## Data excerpt

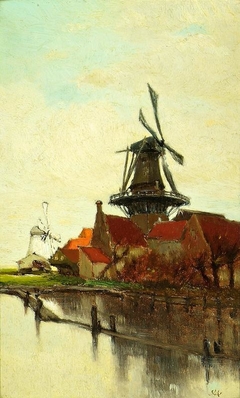 A Dutch Windmill - Clara Montalba - ABDAG004420 by Clara Montalba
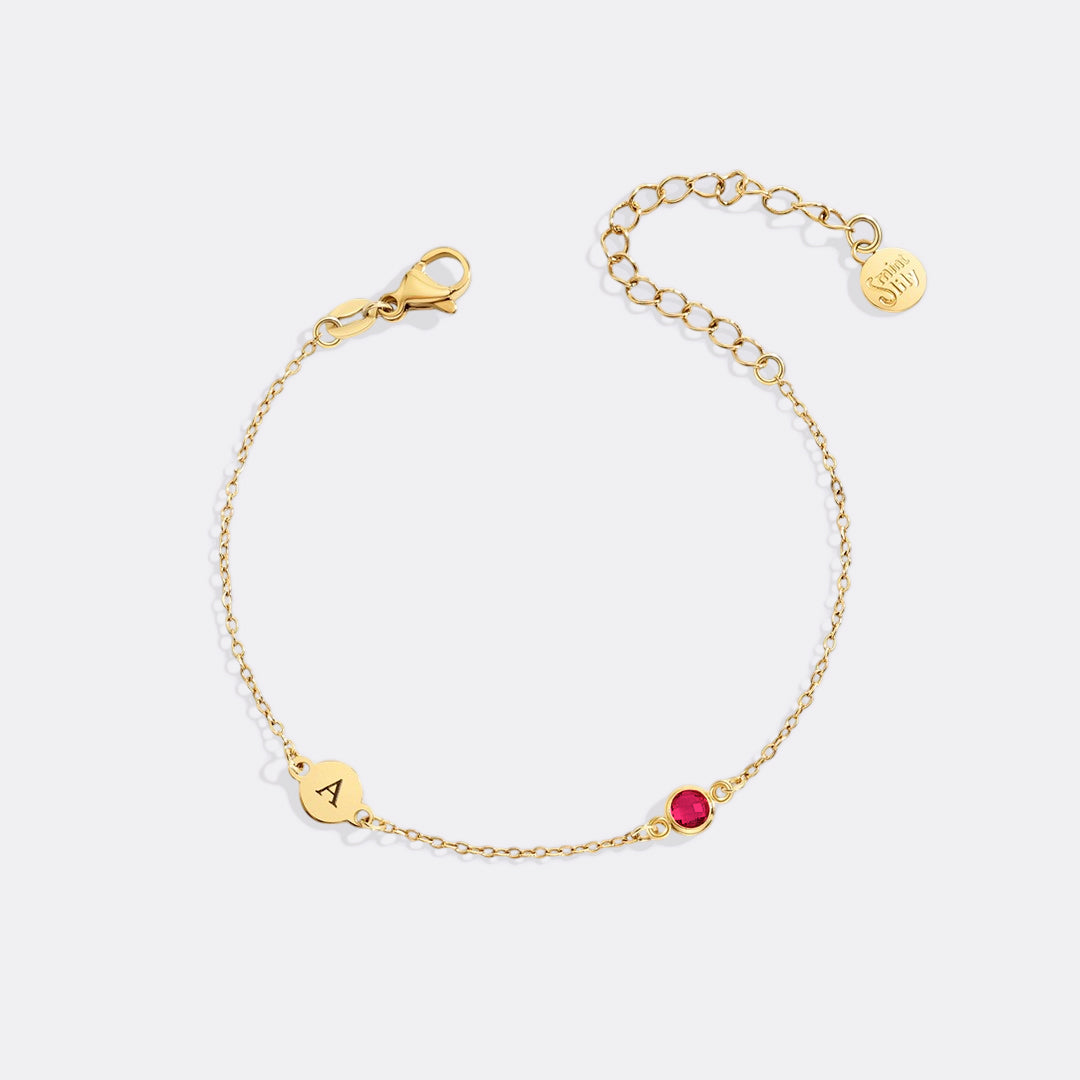 Dainty Initial and Birthstone Bracelet
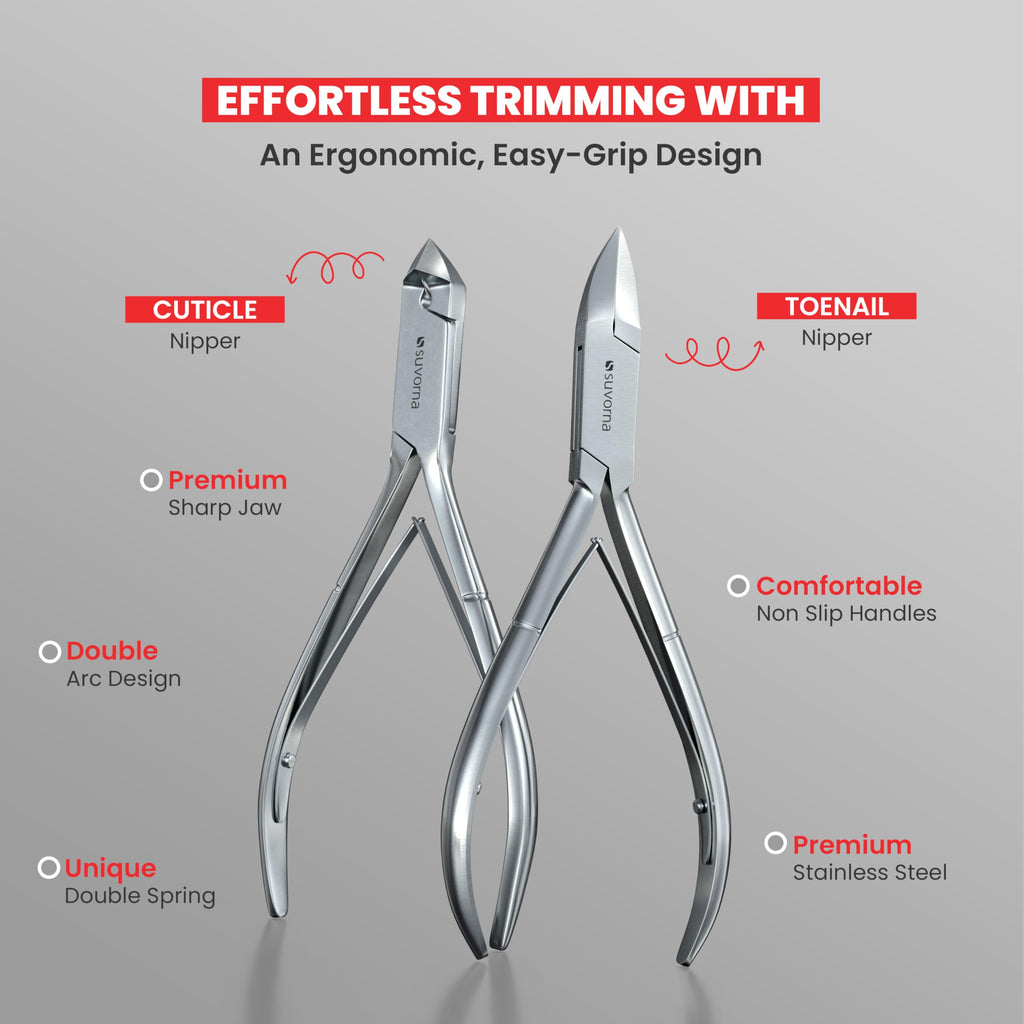 Suvorna 8-in-1 Manicure Pedicure Set | Japanese Stainless Steel, Travel Case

## Your goal
Please give the material above again in full, with no pictures in your version.

## Output of the task
 A Dutch Windmill - Clara Montalba - ABDAG004420 by Clara Montalba
 Dainty Initial and Birthstone Bracelet
 Suvorna 8-in-1 Manicure Pedicure Set | Japanese Stainless Steel, Travel Case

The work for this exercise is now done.